__What needs to be done__.
The line containing "Image of Choose" and every line after it, through the end of the material: copy these exactly and nothing else, leaving pictures out.

__Data under study__.
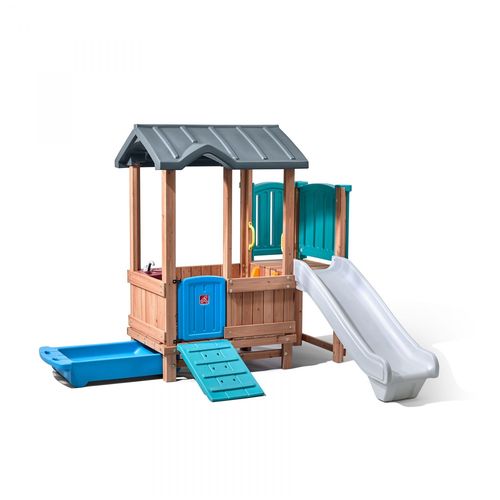 Maison Enfant Avec Toboggan | Aire De Jeux Pour L'extérieur | Maisonnette / Cabane De Jeu En Plastique - Step2 Woodland Adventure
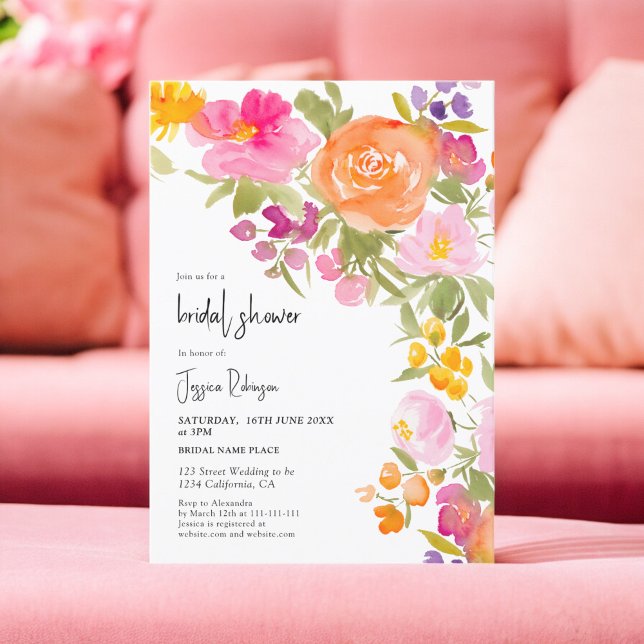 Invitación Bonito romántico verano rosa ducha de novia floral (Pretty romantic pink summer floral bridal shower invitation)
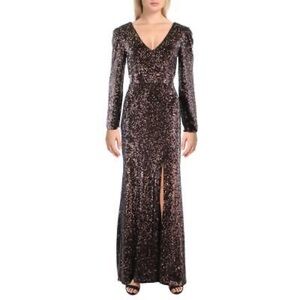Xscape Womens Brown Mesh Sequined Cocktail And Party Dress Gown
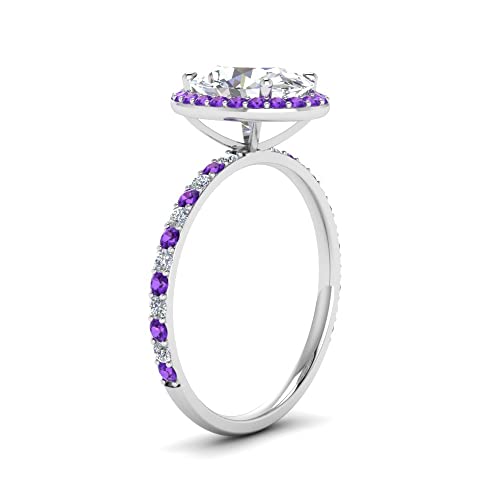 Image of Choose Your Gemstone Oval Halo Ring 925 Sterling Silver Oval Shape Halo Engagement Rings Gemstone Wedding Promise Gift Casual Wear Party Wear Daily Wear Office Wear US Size 4 to 12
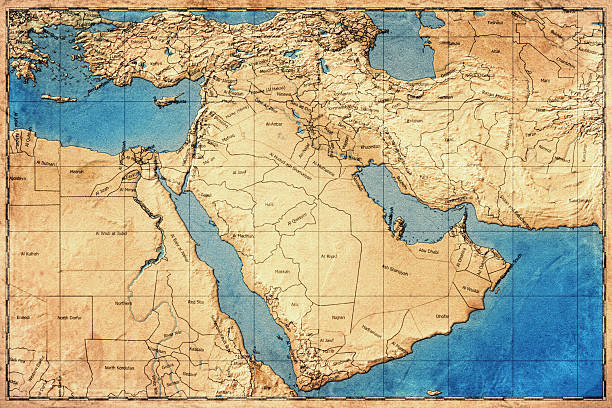 Vintage Map Of Middle East On Retro Paper Background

__Your solution__.
 Image of Choose Your Gemstone Oval Halo Ring 925 Sterling Silver Oval Shape Halo Engagement Rings Gemstone Wedding Promise Gift Casual Wear Party Wear Daily Wear Office Wear US Size 4 to 12
 Vintage Map Of Middle East On Retro Paper Background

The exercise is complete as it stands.